Application Gateway System (AGS)
The Application Gateway System (AGS) is a distributed server system consisting of multiple heterogeneous servers that appears as a single high performance system on the Internet. It can provide stand-alone services or access back-end capabilities such as databases or repositories. (See Figure 1)
Clusters of server machines are often used to provide a single logical service on the Internet. This is a cost-effective way to increase response time, throughput and availability of the service. The challenge is to set up the service so that the end-user is transparently connected to one of the servers in the cluster. Some of the commonly used techniques that map the machines in a cluster to the same service name include round robin DNS, packet rewriting, and custom client software. Each technique has its strong and weak points.
As part of a research effort sponsored by the National Science Foundation and the National Library of Medicine, we designed and implemented a new approach based on statistical assignment of processors. The AGS addresses some of the shortcomings of existing solutions by providing a highly scalable and efficient adaptive load balancing mechanism without a central point of failure.
Description of the Rate.d Load Balancing Algorithm
The Application Gateway System (AGS) balances load across a cluster of servers. It uses an adaptive load balancing algorithm that avoids introducing a single point of failure. The algorithm adapts quickly to changes in configuration or actual load of the server machines.
Figure 1 - Application Gateway System
The AGS load balancing algorithm requires some custom client code but is far more flexible than the custom client solution (e.g., in Netscape browsers which special-case the Netscape home page). Compared to round robin DNS, it provides fast, automatic adaptation to changes in load or configuration. Compared to Cisco's LocalDirector, a commercially available packet rewriting device, the fully distributed AGS implementation has no central point of failure and provides more direct measurements of server load.
The Load Balancing Algorithm
The AGS load balancing algorithm works by running a low impact daemon program, known as rate.d, on each server machine in the cluster. Using IP broadcast or multicast, the client sends a single packet containing a request for service to the cluster. The rate.d daemons on all the participating servers receive and evaluate the request. The algorithm selects a single server from the cluster to handle the request, using a proportional share lottery (described below) to balance the load. The selection is made by each daemon independently, but each daemon usually makes the same selection. The selected server sends a unicast response to the client, indicating that it will accept the client's request for service. Once the client receives the response, it initiates the actual service connection to the server machine indicated in the usual way (e.g., by opening an FTP or HTTP connection).
How does a rate.d daemon know that it is the most suitable one to handle a request? The daemon makes job assignments based on load information that is broadcast by each server several times a second. Each daemon monitors these broadcasts and keeps a loosely consistent view of the load on each server. The lottery is weighted so that the number of jobs assigned to a particular server is inversely proportional to its current load.
The lottery is held so that, when the daemons have exactly the same load information, they make the same choice, and when they have approximately the same information, they make the same choice with high probability. The lottery does not depend on any other data, only a hash of the request packet is used to determine the outcome. In particular, the history of previous lotteries held has no effect. This is important to insure that lost client requests do not affect the stability of the algorithm.

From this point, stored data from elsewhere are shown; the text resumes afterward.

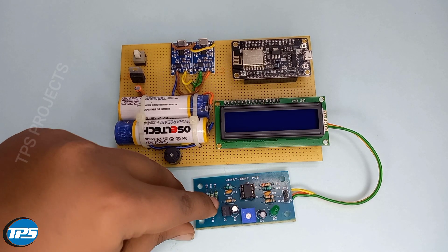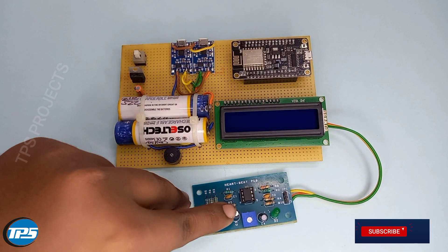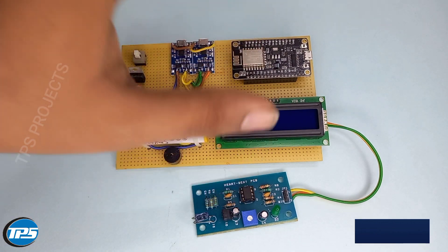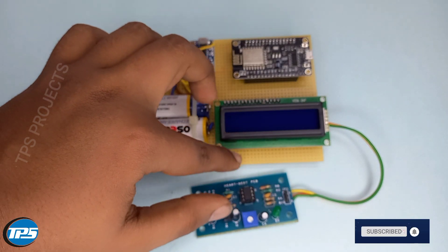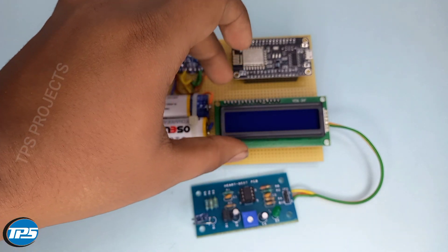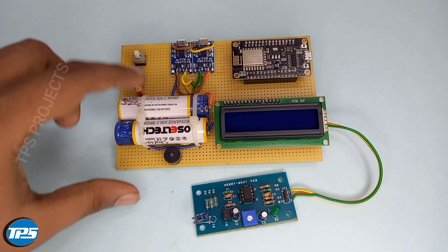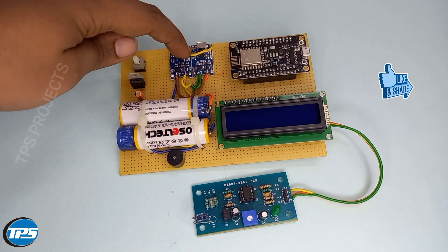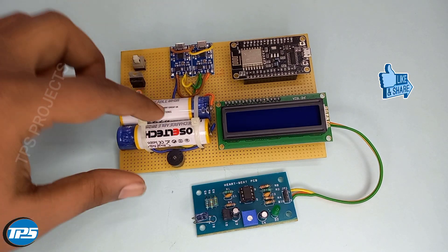Here we have a heartbeat and oxygen detecting sensor. We use NodeMCU as a microcontroller and an LCD display for a better user interface and monitoring the system. We also have a power supply unit consisting of a lithium charging battery module and a lithium-ion battery.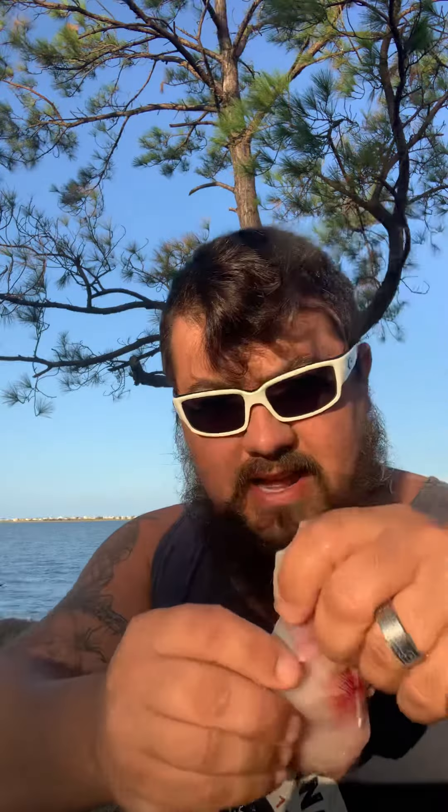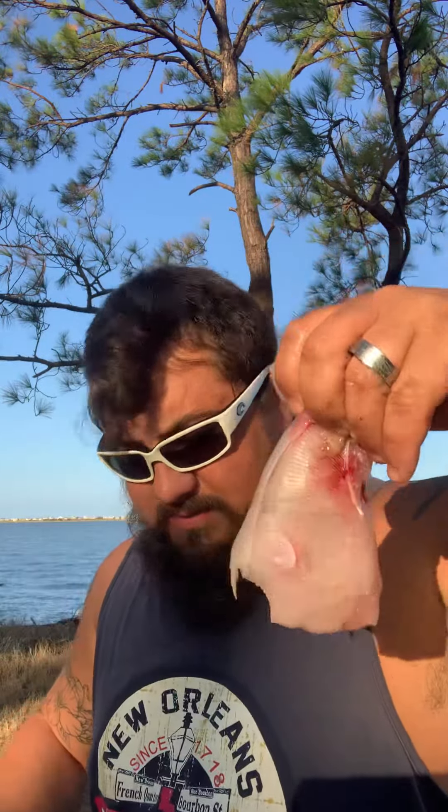Towards the edge of the stingray where their wings are, you got a lot of cartilage, so you just kind of got to work through that. But once you cut it, it'll look like this and you have yourself a nice little chunk of meat — delicious.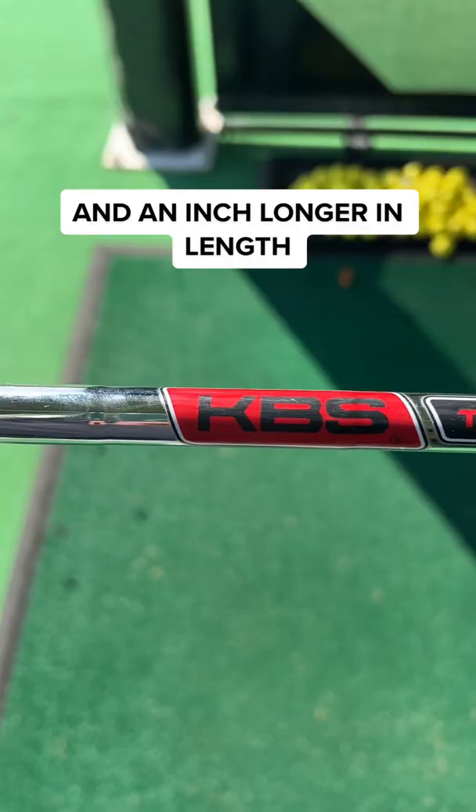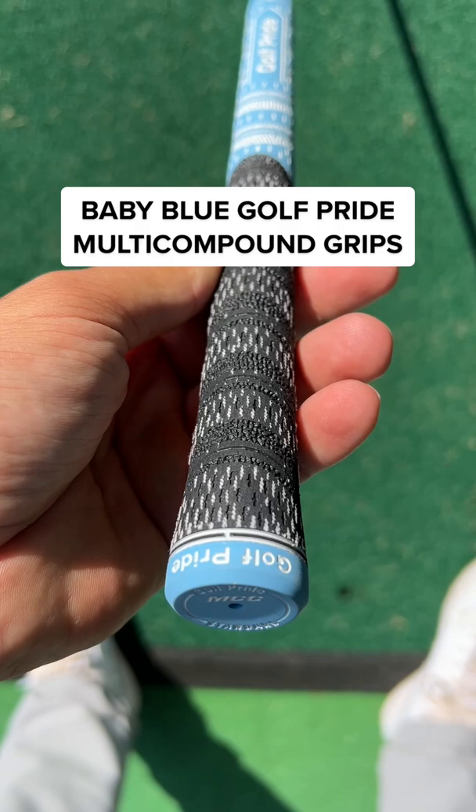All these clubs are one degree upright and an inch longer in length, and they are all fitted with the KBS TOR 120S shaft with the baby blue Golf Pride multi compound grips.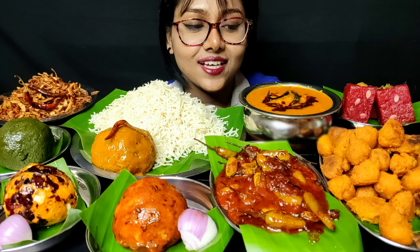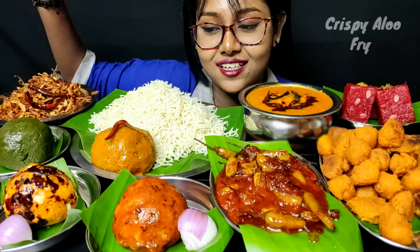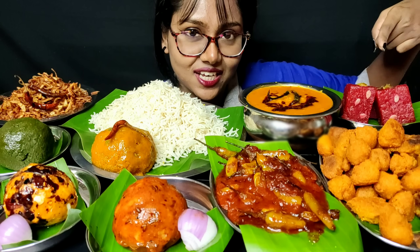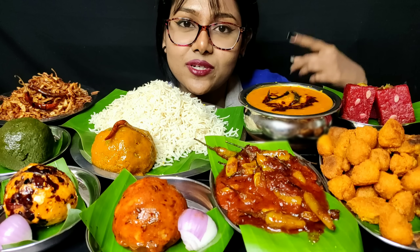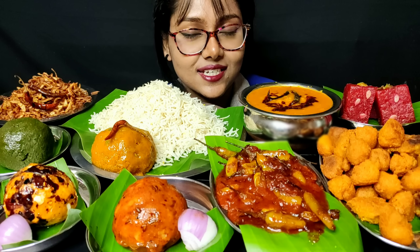Hi foodies, welcome to my channel! Today I have dal pakoda, hari mirch masala, different types of bharta, alu bhaja rice, and Bombay karachi halwa. You will get these recipes in the description box, and don't forget to follow me on Facebook and Instagram. So without further ado, let's get started!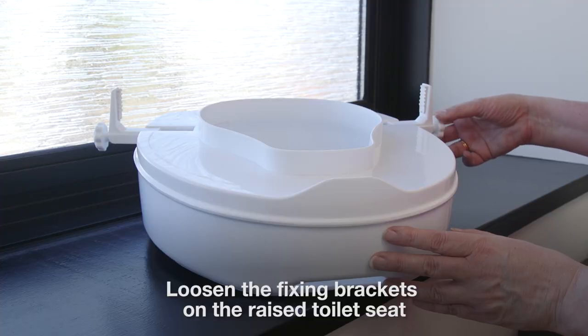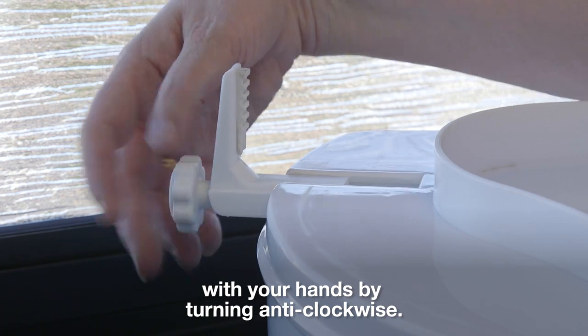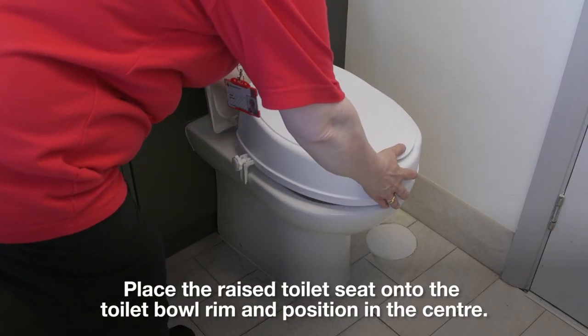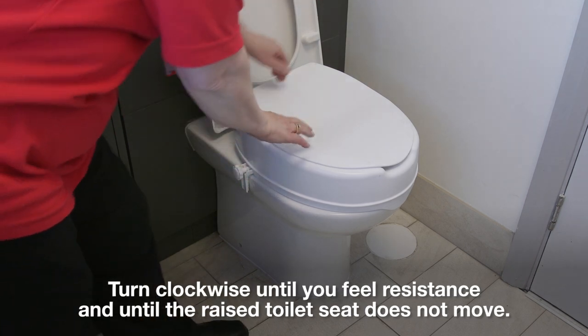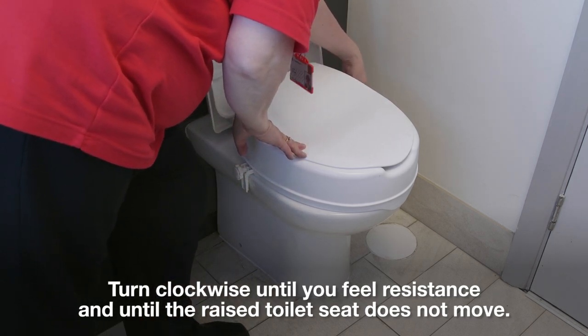Loosen the fixing brackets on the raised toilet seat with your hands by turning anti-clockwise. Place the raised toilet seat onto the toilet bowl rim and position in the centre. Tighten the fixing brackets on the seat by hand, turning clockwise until you feel resistance and until the raised toilet seat does not move.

In general, the load of a machine varies gradually. We can assume that the load of a machine remains the same until another update is received. This, together with the properties of the lottery, means that losing an occasional broadcast update from another daemon does not greatly affect the lottery outcome. The same is true when updates and requests are received in different orders by different machines. On the other hand, when no updates are received from a particular machine for a longer period of time, that machine is deemed to have crashed and is no longer considered as a candidate.
The rate.d algorithm has a fallback mechanism that takes care of inconsistencies in the lottery outcomes and of lost packets. When more than one machine responds to a request, the client simply uses the first response. When no machine responds to a request, two timeouts come into play.
First, as part of their regular update broadcasts, the rate.d daemons also transmit a list of the request IDs to which they have recently responded, and the other rate.d daemons track this information. When the daemon that should have responded to a particular request fails to indicate this in its update within a certain interval, the other daemons repeat the lottery for this request, this time disregarding the previous lottery winner. If necessary, this process is repeated.
The fallback mechanism takes care of three different sources of inconsistencies between lottery outcomes: differences in relative arrival times between requests and update broadcasts, loss of request packets on some machines, and partial or total loss of update broadcast packets. In rare cases, a second lottery is held and a second response sent unnecessarily; in this case the client will just ignore the second response.
The client can also time out and resubmit its request. The client code must implement a timeout, because the request may be lost on its way to the service cluster. The client timeout period is longer than the lottery's internal timeout because of the higher latency of wide-area communications.
Many other aspects and details of the AGS system can only be mentioned in passing. The update broadcasts contain load information that is calibrated by the capacity of the server, so that load can be balanced across machines with different capacities. The rate.d implementation supports running a number of different services on the same cluster, possibly on different subsets of the machines in the cluster, all handled by a single rate.d daemon per machine. A secure remote management system allows control of system activity, including activation and tuning of rate.d services.